# Forum > MMO > Guild Wars 2 >  Looking for a successful gw2botter

## KuRIoS

To help me get started on 80 farming with a bot. I currently have mmolazy.
Please send me a pm if you can help.

----------


## Neymar

Me too! The routes on the site are too well known and you get "bot trains" following one path. I modified one in cursed shore but to no real success. I get about 2 gold a day! Some claim to get 10+. If anyone could help us!

----------


## shaggsdope

It looks to me that until thye get some kind of working AH bot/mod you're only able to get around 2 per day :-/

Oner person SAID he has a path that gets 20+ but I don't really see how it's possible... at least not with Firy

----------


## warheart209

The only people making money off this game is people with Teleport mining bots which aren't public from what i can see.

----------


## Mumulica

Kur: you should give macrogoblin a try. i bet it takes you 2h to figure it out how to make a path and do a masterpiece out of it.

----------


## warheart209

macrogoblin is a waste of time since you need vmware for each copy.

----------


## Neymar

> The only people making money off this game is people with Teleport mining bots which aren't public from what i can see.

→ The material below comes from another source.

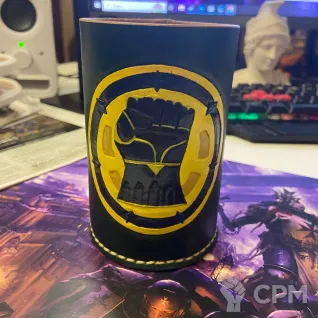 Описание картинки Стакан/Кубомёт/Dice cup - Imperial Fists от Drygplova по цене 1 300руб | Свободный Рынок Миниатюр - СРМ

Really? I don't see how teleport mining would make a big enough profit for them to make money off the game.

----------


## warheart209

ur crazy i do teleport mining as is i got every zone mapped for 1 click orichalcum,ancient tree,jump puzzle chests,elderwood,mithril ore i 1 click teleport mine on each of my 6 toons when im done i get 27 gold if i had a bot do it it would be worth my time as for now im using fiery while mainly botting 26 copies of wow.

----------


## vib2

warheart make some space in your PM please  :Smile:

----------


## UDontKnowWhoIAm

lol leechers jumping on you as soon as you said it

----------


## vib2

> lol leechers jumping on you as soon as you said it


as u may know, i am the only one to post on this forum few macro for D3 on mac (and have no particular skill coding etc) so next time, don't be stupid watching rep and number of post, but see the content  :Wink: 

ty bb

----------


## KuRIoS

> as u may know, i am the only one to post on this forum few macro for D3 on mac (and have no particular skill coding etc) so next time, don't be stupid watching rep and number of post, but see the content 
> 
> ty bb


regardless, your CURRENT status on OC is LAZY LEECHER, so he was correct  :Smile:

----------


## AndrielMarie

<-- dang, lazy leecher too...zzz

----------


## yorhey

Kurious, why not check the mmolazy forums, I put a tutorial on how to make paths on that website, also the combat is very simple to set up. IT is the best bot out there. And yes, 10g a day is very doable, even more if you max out your guild and magic find. Have fun!

----------


## KuRIoS

sigh.. I have been spammed lately, who was it that messaged me about this wanting to help/sell his method to me  :Smile:  
Please send me a new PM

----------


## yok3r

exist any bot program 4 free?

----------


## LisaL

Isnt GW dead by now

----------